### What to produce
All the lines below need to be output exactly, apart from any images.

### Recorded data
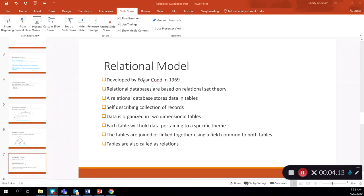The relational database model was developed by Edgar Codd in 1969. It's based on relational set theory and is one of the most commonly used database models. In a relational database, data is stored in a simple table format. Relational databases are self-describing collections of records — when you look at a relational table, you can understand what type of data is stored in it. Tables are organized as two-dimensional structures, each holding data pertaining to a specific theme. We join tables together based on common fields.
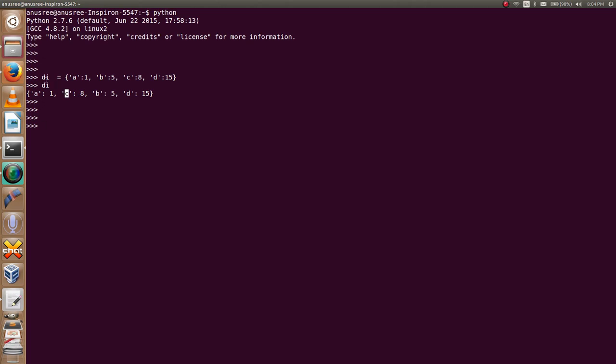For checking if the key is in my dictionary di, I am going to use the if-else statement. It is very simple.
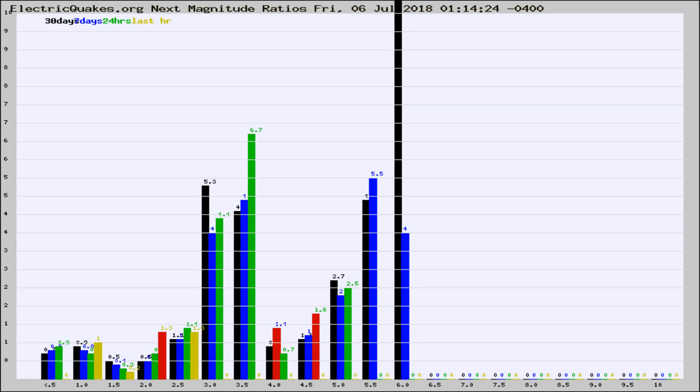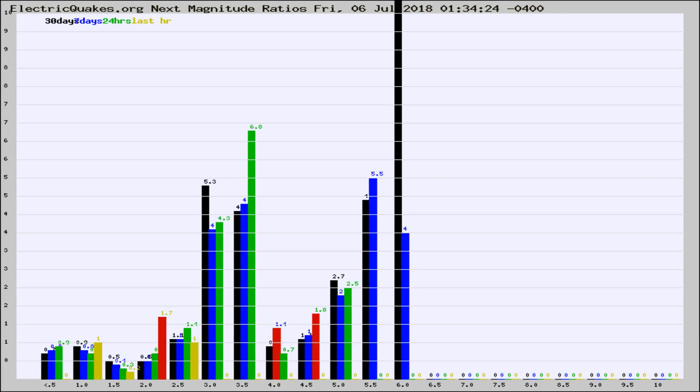Now you're seeing the next magnitude ratios, which is a graph of the ratio of, say, magnitude 2 to the number of magnitude 3s, which should stay consistent for any given area.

### Solution below
The relational database model was developed by Edgar Codd in 1969. It's based on relational set theory and is one of the most commonly used database models. In a relational database, data is stored in a simple table format. Relational databases are self-describing collections of records — when you look at a relational table, you can understand what type of data is stored in it. Tables are organized as two-dimensional structures, each holding data pertaining to a specific theme. We join tables together based on common fields.
For checking if the key is in my dictionary di, I am going to use the if-else statement. It is very simple.
Now you're seeing the next magnitude ratios, which is a graph of the ratio of, say, magnitude 2 to the number of magnitude 3s, which should stay consistent for any given area.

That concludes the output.